Harry Lee Tally (June 30, 1866 – August 16, 1939) was an American tenor singer of popular songs, who recorded between 1902 and 1917.
He was born in Memphis, Tennessee, and began performing in a popular vaudeville act, the Empire City Quartet. Described as "a sweet-voiced tenor", he first recorded as a solo singer in late 1902, and thereafter recorded prolifically for several labels, particularly Columbia, Victor, and Edison. He recorded a wide variety of material, from sentimental to comic.

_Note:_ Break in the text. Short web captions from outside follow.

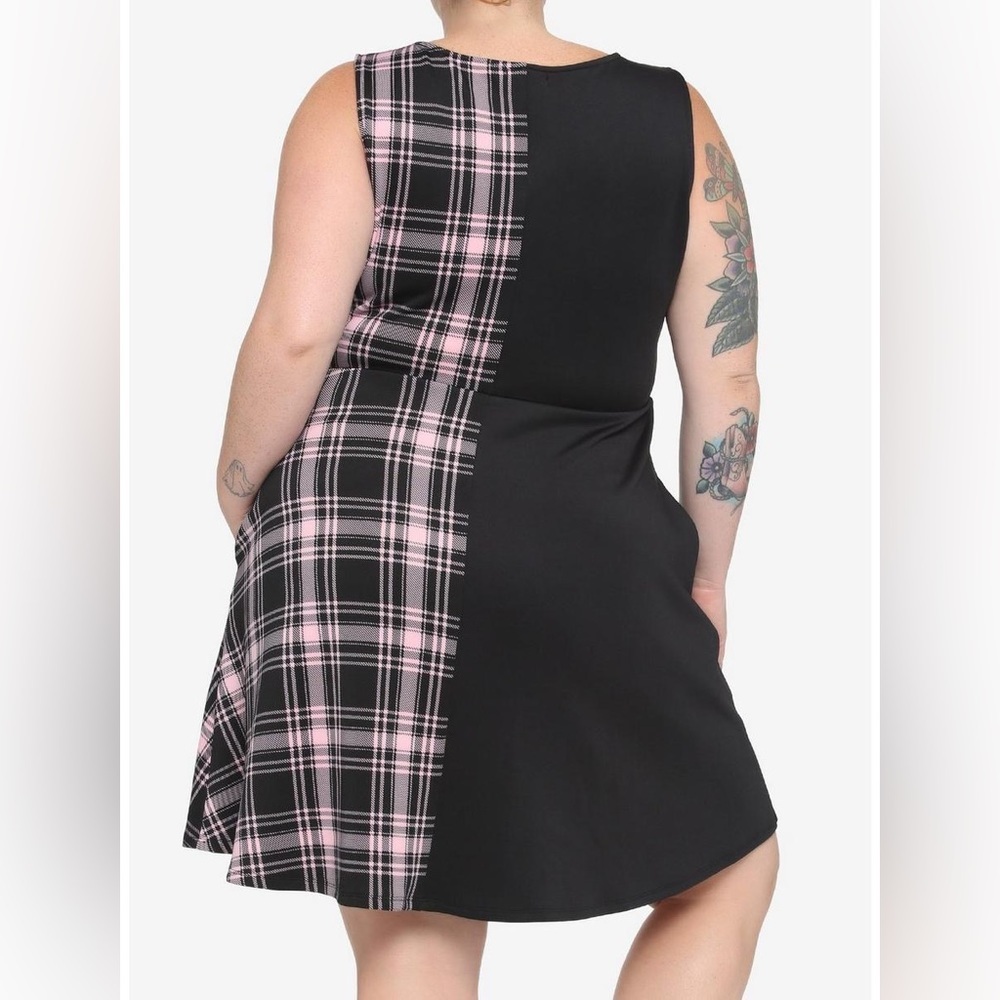Hot topic split plaid heart zipper dress nwot plus size - Picture 2 of 2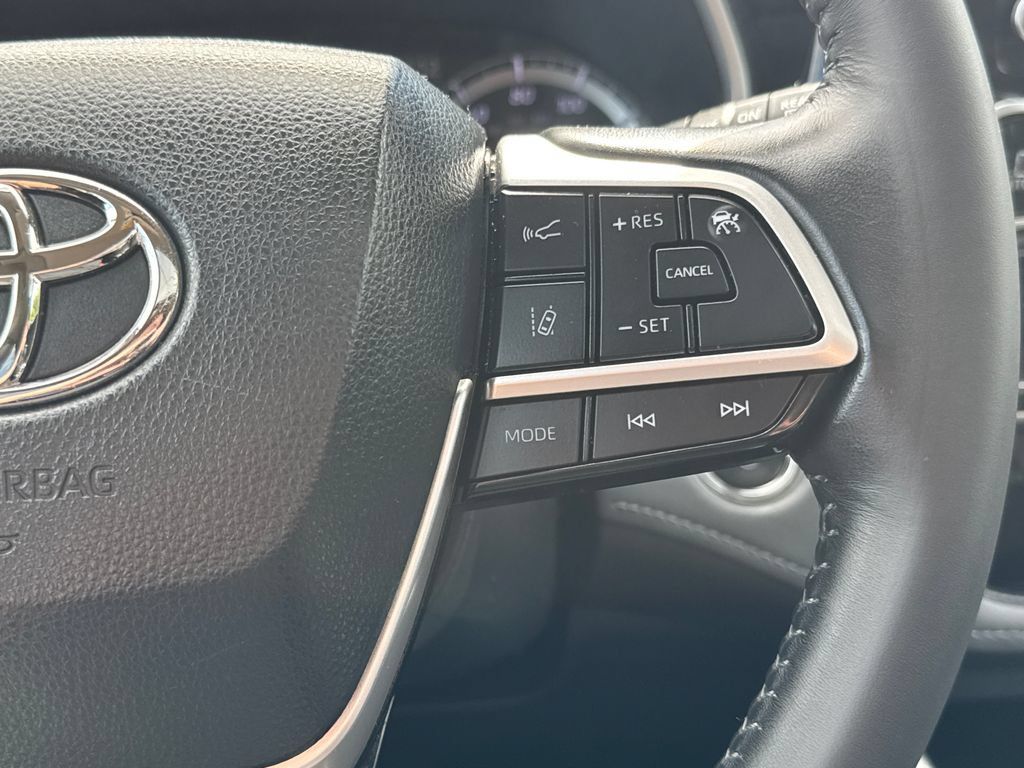 Used 2023 Toyota Highlander XLE AWD/4WD image 22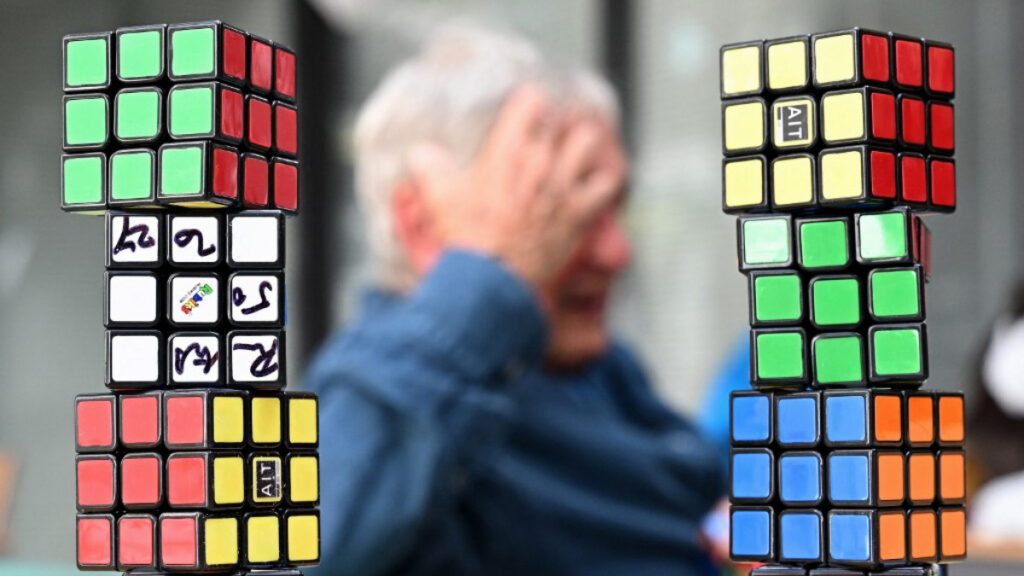 Erno Rubik profesor húngaro de 79 años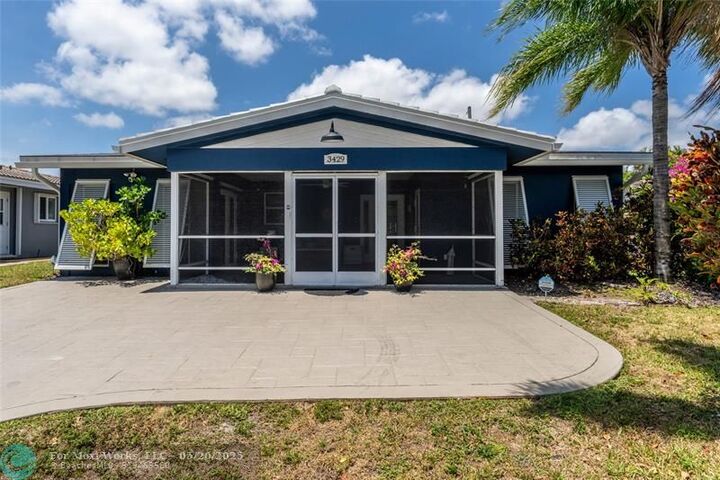 Property Photo: 3429 NE 17th Way FL 33334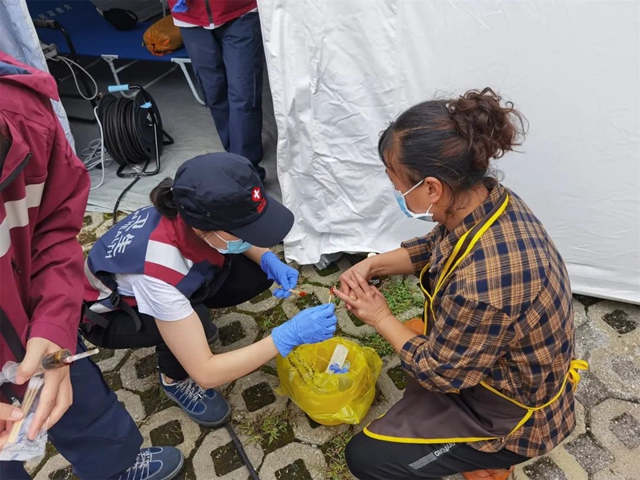 抗震救灾|9天,他们回来了!(图12) 12.jpg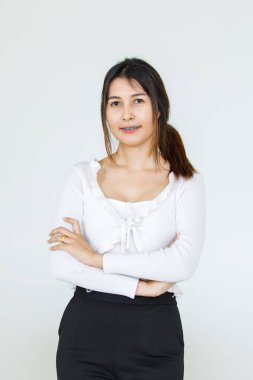Asyalı güzel bir kadın, sıradan bir tişört giymiş kollarını kavuşturmuş, gülümsüyor beyaz arka plandaki kameraya bakıyor, izole edilmiş boş bir fotokopi odası var.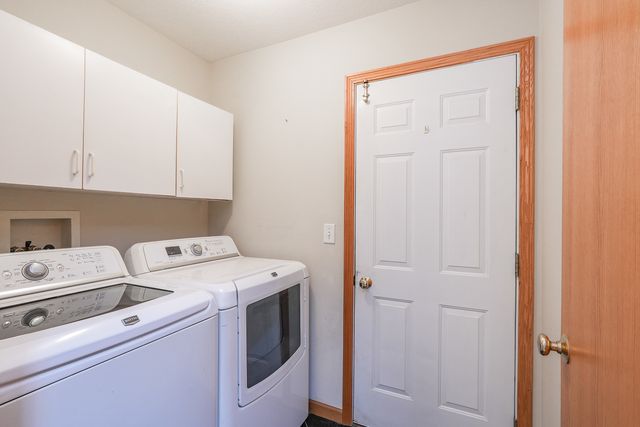 671 Diversatech Drive N, Manteno, IL 60950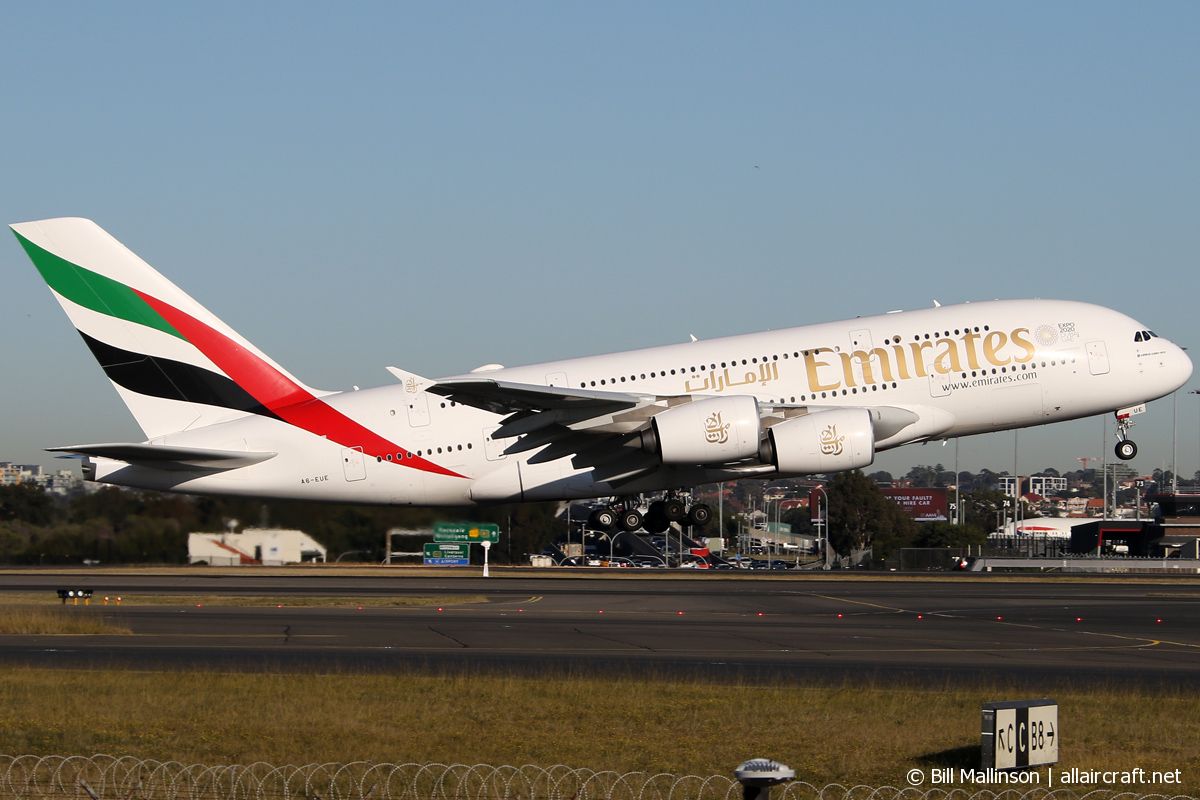 A6-EUE (217) 2016 Airbus A380-861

Among his most commercially successful songs were "Seminole" (first recorded in 1903), "Wait 'Till the Sun Shines, Nellie" (1906) – which he may have been the first to record – and "Take Me Back To New York Town" (1907). Several of his songs were inspired by new technological innovations, including "On An Automobile Afternoon" (1906), "Let's Go Into A Picture Show" (1909) — one of the first songs to mention this new form of entertainment — and "Come, Josephine, In My Flying Machine" (1911). Tally also recorded duets, in the Edison Diamond Discs series, with another member of the Empire City Quartet, Harry Mayo, which have been described as "finely tuned performances combining expert harmonization with hilariously unrelated nonchalant banter." He also wrote songs with Harry Mayo, including "That's a Mother's Liberty Loan".
He continued to perform his songs in vaudeville, and made his last recordings in 1917. In 1918, he retired from the music business, and set up a cigar store in Ocean Park, California. He died in 1939 at the age of 73.